その私がいま、スーツを生業にし、当時よりさらに服を愛していられるのは“注文服店”深野羅紗店と出会ったからだと言える。幼少期から懐古主義的な嗜好に傾倒していた私は、こと服についてもクラシカルな雰囲気を求めた。

 

きっかけはGoogle画像検索。

当時、2010年頃。流行のスーツと言えば、極端なタイトシルエットであったと思う。これは私の元来の好に合わなかった。かと言って、“鼠色”の大人達が着る昭和的なダボダボのスーツに格好良さを見出すわけでもない。徹慢な言いかたをすれば、私の琴線に触れるスーツに出会うことができなかったのだ。

そんな折、たまたま見つけた1枚の写真から、私は深野羅紗店に辿り着く。写真には無地の薄茶色の上衣が写っていたのだが、それに大変惹きつけられた。構築的で立体感のある襟に、無理のない自然なシルエット。生地はシンプルがゆえ、羊毛本来の素材感が堂々とそこに在った。

これは正統なスーツの姿であるが、現代日本人(もっと言えばスーツを知らない若輩者)の目にも素敵に映るのは、同店の数十年間のノウハウを基に緻密に構成された技の妙、深野羅紗店らしさが表れていたと思う。その雰囲気に取り憑かれ、実際に足を運んでみることにした。

 

世にもクラシックな物語へ。

同店を目指し、神田を步く。赤煉瓦の高架下の先にビビットな緑色の屋根、そこには「高級注文服」の文字。何十年物であろう木製の引戸に手を掛け、恐るおそる開けると、所狭しと積み上げられた生地と構脳の香りに包まれた。

「いらっしゃいませ」。穏やかな声色の挨拶に緊張が緩む。丁寧な案内に導かれ、生地選びがスタート。何百とある生地はどれもこれまで見たことのない味わい深さがあるように感じた。これは自然素材にこだわった同店のセレクト方針によるものだと言う。
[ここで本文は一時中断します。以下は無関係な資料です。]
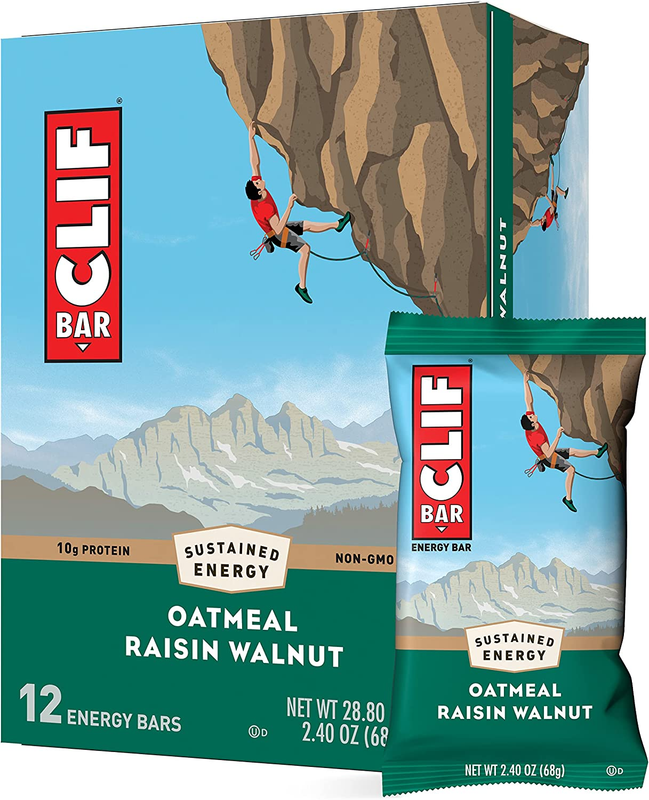 CLIF BARS - Energy Bars - Oatmeal Raisin Walnut - Made with Organic Oats - Plant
また、生地を身体に当てながら選べるのも良い。バンチブックでは好きな生地は選べても、それが自分に似合うかどうか確かめることが難しいからだ。熟考の末、生地が決まるとデザイン決めと採寸へ進む。

 

初めての深野製スーツ。

私見だがテーラリングに最も重要なのは“対話”である。テーラーに、いかに自身のイメージを伝えられるかが仕上がりに大きく影響する。その点において、同店のスタッフは話しやすく好感を覚えた。アドバイスは適切に行いつつも、スタイリングを押し付けられることは決してなかった。

また、デザイン決めや寸法設定についてはできることの多さに驚きの連続であった。なお、知識を得た現在の私からしても、同店のオーダーシステムはカバー範囲が非常に広いと感じる。パターンオーダーはもちろん、百貨店のイージーオーダーにも圧勝のひとことである。これでこそ、“注文服店”だ。

こうして私にとって初めての“深野製”のスーツが出来上がる。それは想像の上行く仕上がりで、満足と言うほか無かった。初心者ゆえ、知識不足で「おまかせ」にした部分も多々あったのだが、適度な技配で調整してくれた。シルエットやディテールなど全体を通して、時代が変遷しても適応できるようにという配慮を感じる品であった。現に、それから10年が経ったいまでも、そのスーツは現役で活躍している。

 

進化する“注文服店”。

それから私はスーツはもちろん、カジュアルな服も深野羅紗店で“注文”してきた。それからどんどん同店に惹かれていった私は、気づけばいま、ここでテーラーをしている。そんな私はよく、大量生産の既製服が台頭する前、仕立てが一般的だった時代に想いを馳せる。服の数は少なくても、一着一着にその人らしさが詰め込まれた服を着る良さ。生地を選び、それを一から服にしていく楽しさ。

“注文服店”はその楽しさを提供する貴重な存在だと思う。私はこれを次の時代にも残し続けたい。スーツに限らず、もっと日常的に注文服を楽しんでもらえるようにしたい、と強く思っている。そのためお客様にはぜひなんでも“注文”していただきたい。それらを1つひとつ実現し、深野羅紗店はこれからも“注文服店”として進化し続けていくのだ。